State any definite requirements you might have for his new home: fenced yard, no cats, kids over 10, whatever. Try to say these in a positive way - for example, saying "Kids over 10" sounds better than "No kids under 10". If your Alaskan Malamute doesn't like other pets, say "should be only pet" rather than "doesn't like other animals".
Always state that references are required. This tells people that you are being selective and that you're not going to give your dog to just anybody. This statement will do a lot to keep people with bad intentions from dialing your number.
Never include the phrase "free to good home" in your ad even if you're not planning to charge a fee. If possible, don't put in any reference to a price at all. The chance at a "free" dog will bring lots of calls, but most of them won't be the kind of people you're looking for and many of them will be people you'd rather not talk to at all.
Your ad should look something like this:
"Alaskan Malamute: beautiful, gray/white, young adult male, neutered. Friendly, housebroken, well-behaved. Best with children over 10. Fenced yard, references required. Call John at 555-1234"
Along with your local newspaper, advertise in all major papers within an hour and a half's drive. Schedule your ad so that it appears in Sunday's paper - the issue that's the most well read and widely circulated. If your budget is very limited, choose to run your ad only on Sundays rather than throughout the week. Nearly every community also has small, weekly "budget-shopper" newspapers that offer inexpensive classified ads. Take advantage of them!
Don't be discouraged if your phone isn't ringing right away. Most people give up too soon. It can take a month or more to find a new home, so plan on advertising for several weeks. Put a phone number in the ad where you can be easily reached or use an answering machine. People can't call you if no one's home to answer the phone.

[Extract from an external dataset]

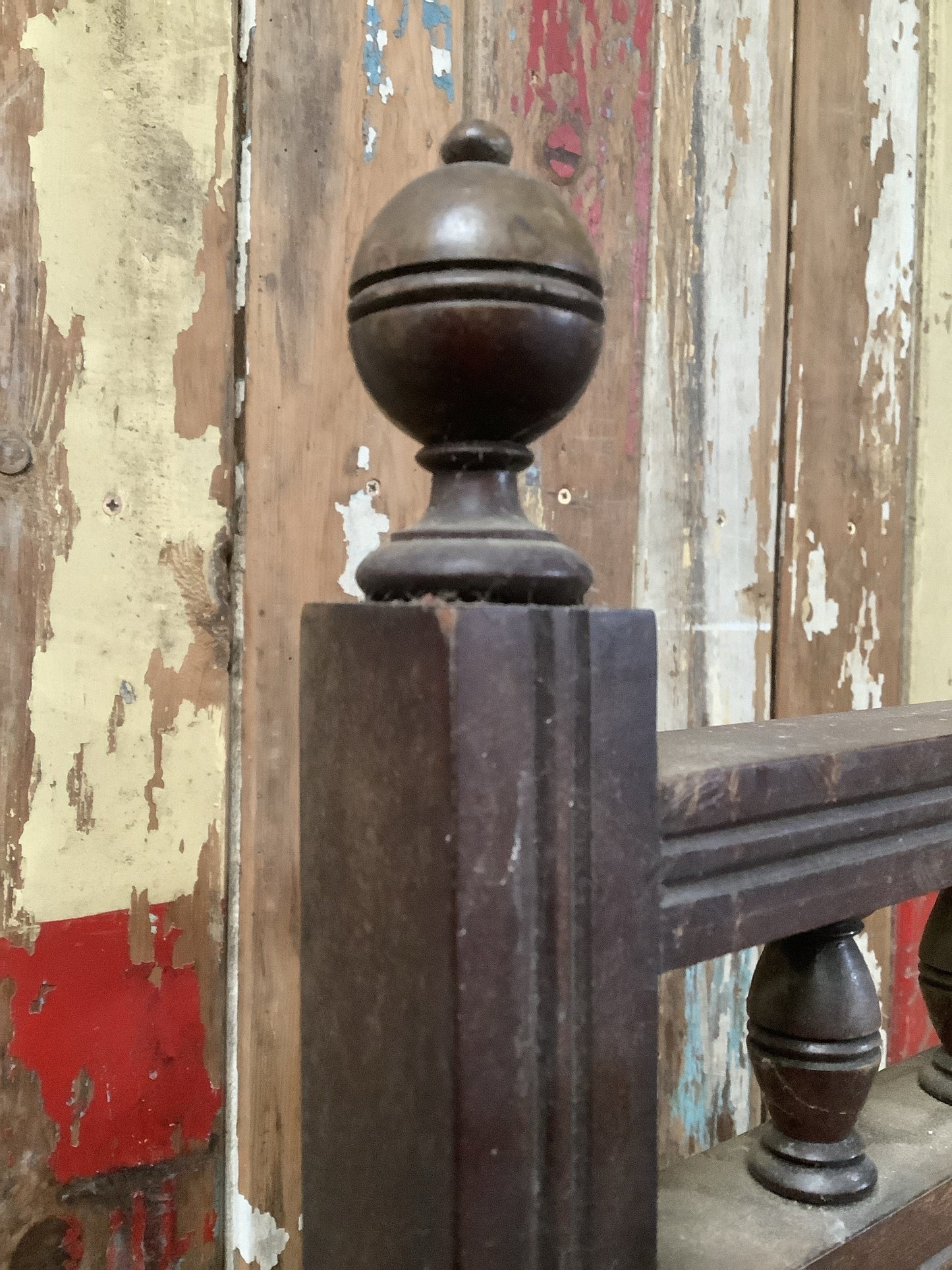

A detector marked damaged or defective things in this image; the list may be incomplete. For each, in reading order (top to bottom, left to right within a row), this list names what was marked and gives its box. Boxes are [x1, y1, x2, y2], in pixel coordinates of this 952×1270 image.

Newspapers are just one way to advertise. Take a good cute photo of your dog and have copies made. Duplicating photos can be done for as little as a quarter each at most photo shops. Make an attractive flyer on colored paper that you can have copied for a few cents each. Attach the cute photo of your dog. Your flyer doesn't have to be expensive, professional or computerized, just neat and eye catching. Since you're not paying for words, you can write more about your dog than you could in a newspaper ad. Be descriptive!
Post your flyers at grocery stores, department stores, vets' offices, pet supply stores, grooming shops, factories, malls, etc. - anywhere you can find a public bulletin board. If you have friends in a nearby city, mail them a supply of flyers and ask them to post them for you.